◆ Instructions to follow:
Each line of the records has to be copied exactly, though the pictures must be left out.

◆ Available data:
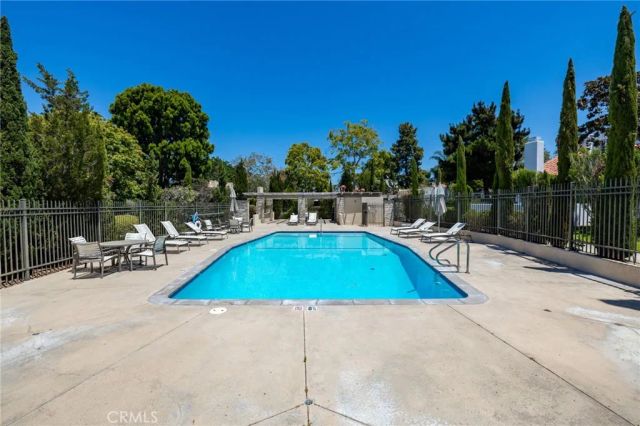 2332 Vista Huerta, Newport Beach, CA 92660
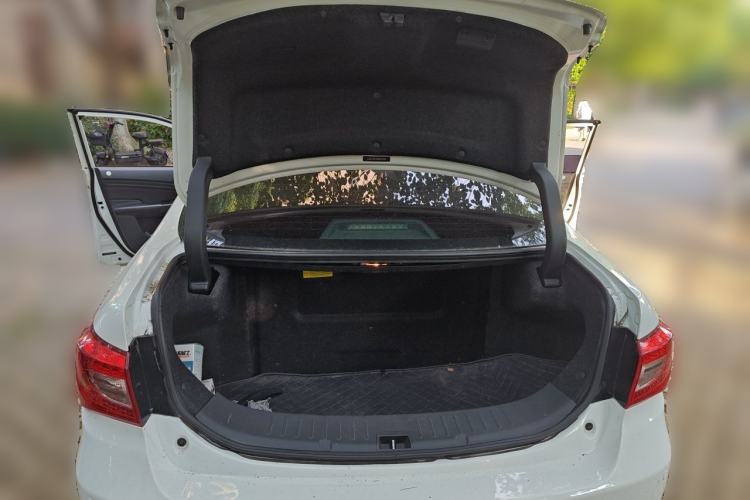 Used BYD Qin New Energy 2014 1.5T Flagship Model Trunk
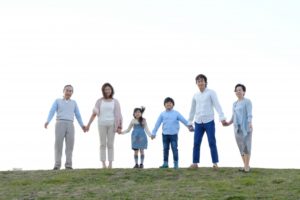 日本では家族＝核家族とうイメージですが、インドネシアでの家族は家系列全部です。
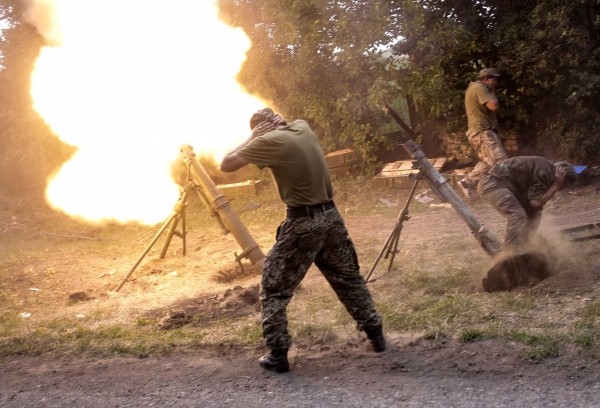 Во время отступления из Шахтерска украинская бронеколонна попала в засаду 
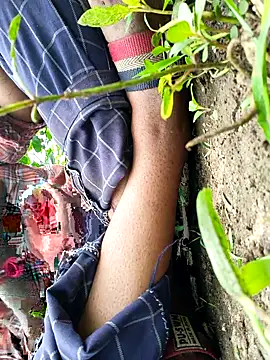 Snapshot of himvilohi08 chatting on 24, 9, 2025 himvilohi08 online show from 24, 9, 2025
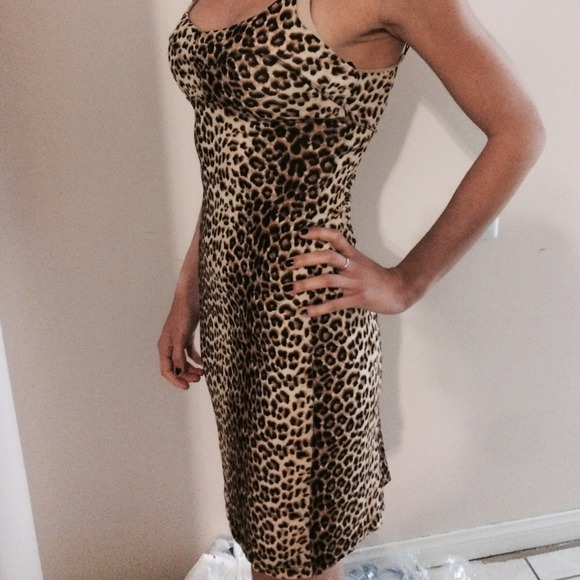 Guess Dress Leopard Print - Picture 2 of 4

◆ Answer to the problem:
 2332 Vista Huerta, Newport Beach, CA 92660
 Used BYD Qin New Energy 2014 1.5T Flagship Model Trunk
 日本では家族＝核家族とうイメージですが、インドネシアでの家族は家系列全部です。
 Во время отступления из Шахтерска украинская бронеколонна попала в засаду 
 Snapshot of himvilohi08 chatting on 24, 9, 2025 himvilohi08 online show from 24, 9, 2025
 Guess Dress Leopard Print - Picture 2 of 4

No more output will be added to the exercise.